Mark verdrehte die Augen. Im Prinzip findet er die Sache mit dem Teilen nicht schlecht. Gerne würde er seinen Wintermantel mit einem Schwert durchteilen und jemandem damit eine Freude machen. So wie St. Martin. Seinen Mantel mag er nämlich nicht besonders, und ein Schwert wollte er immer schon besitzen. Aber seinen Laternenstab jetzt mit Malte zu teilen, das fällt ihm ganz schön schwer.
Trotzdem macht er es. Malte und seine Mutter lächeln dankbar. Sie singen noch viel, tauschen nach jedem Lied den Laternenstab und schauen sich dann das Martinsspiel mit dem Feuer an.
Mittlerweile ist es richtig kalt geworden. Trotz Mütze, Schal, Stiefeln und Handschuhen bibbern Malte und Mark. Aber sie wollen unbedingt noch auf die Stutenkerle warten, die nach dem Martinsspiel verteilt werden. Vom vielen Marschieren haben die Jungen nämlich ordentlich Hunger.
Als Malte sich seinen Stutenkerl schnappen will, rutscht er ihm durch die Handschuhe und landet in einer schlammigen Pfütze. Die Mutter streichelt Malte tröstend über den Kopf, dann sieht sie Mark bittend an. »Ja, ja«, murmelt Mark, »immer schön teilen«, bricht seinen Stutenkerl in der Mitte durch und gibt die Hälfte seinem Bruder.
Als er abends im Bett liegt, denkt Mark noch lange nach. Eigentlich war es ein schöner Martins-Umzug. Die Sache mit dem Teilen war allerdings nicht so einfach. Etwas abzugeben, was man selber noch gut gebrauchen kann, ist schwer. Das hat er gemerkt. Trotzdem war es schön, dass sein Bruder sich gefreut hat. Das hat auch Mark froh gemacht.

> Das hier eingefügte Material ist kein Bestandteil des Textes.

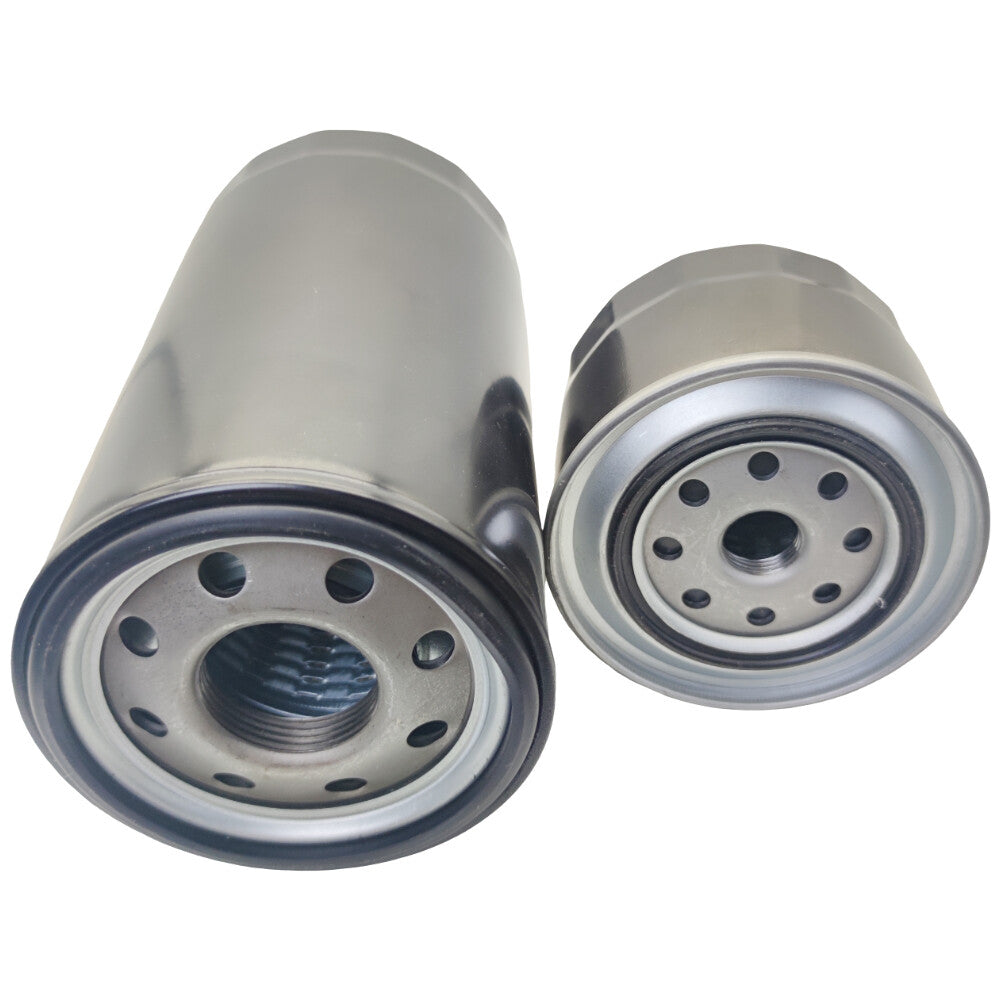 Air Fuel Oil Hydraulic Filter Set Fits for Kioti Tractor DS4110 DS4110HS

Das einzige, was ihn nun noch stört, sind seine eiskalten Füße. Doch da kommt ihm eine Idee. Leise schleicht er ins Schlafzimmer seiner Eltern und schlüpft unter die Bettdecke seiner Mutter. Die murmelt nur irgendetwas wie: »Das ist aber eng!« Mark grinst im Dunkeln. »Man soll immer schön teilen!«, sagt er. Dann wärmt er sich die kalten Füße an den warmen Beinen seiner Mutter - und schläft zufrieden ein.